Exactly. How exactly restoration magic works for various edge cases is up to the GM and players.
For some of your examples, we don't need any explanation other than vanity. In real life, wealthy, powerful, handsome young men would GIVE themselves facial scars (google "Mensur scars", "the bragging scar", "smite", "Schmitte", or "Renommierschmiss").
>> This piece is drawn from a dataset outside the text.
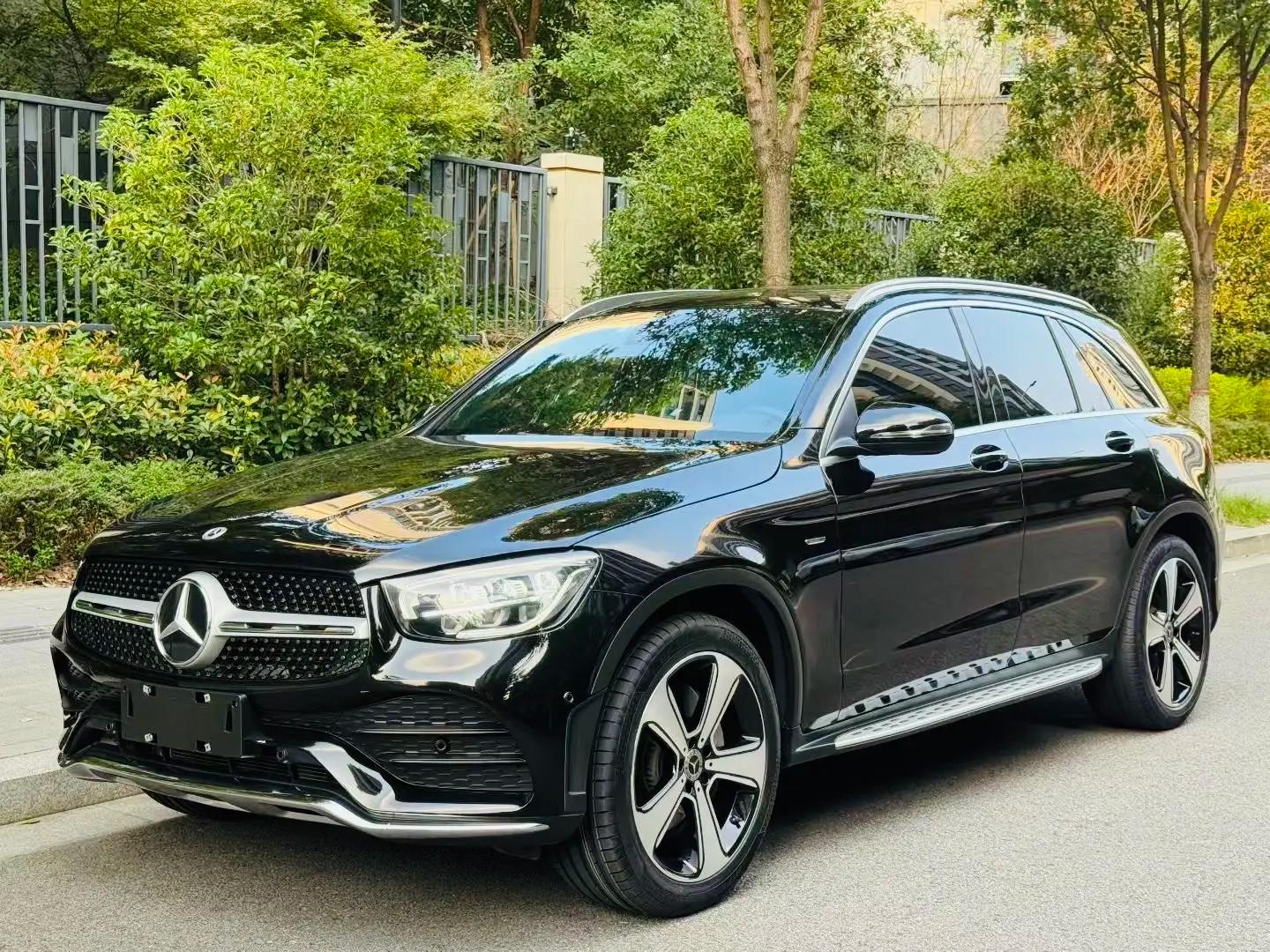Mercedes-Benz GLC 2022 г. 54076 км.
I started needing reading glasses a few years ago. I had better than average vision for most of my life. I still have excellent distant vision. There is this magic called "LASIK surgery" available to me, which I could easily afford. Now, maybe it is more of a hassle than a restoration spell (but who knows, the RAW have nothing to say about whether the process is painful, etc.), but it is about as easy as a medical procedure can be. But I see not reason to bother. I don't see it worth the money. (As might a wizard, 100 GP is 100 GP after all, and how easy it is to procure diamond dust is a world-building decision). But, even more importantly, I find that wearing reading glasses, especially blue-light glasses, make the long hours I have to work on the computer (and discuss glasses on EN World) much more comfortable. My eyes just don't get fatigued like they used to. Wearing reading glass even if you don't need them to reduce eye strain is something people do in real life. Maybe reading arcane script and diagrams is even more taxing on the eyes.
I don't know if greater restoration would restore congenitally missing limbs (I'd rule not), and I'd expect that most people who lose a limb in battle are from an accident would be much more likely to restore that limb if they could. But in real life, there are some people who want to (and do) cut off normally functioning limbs.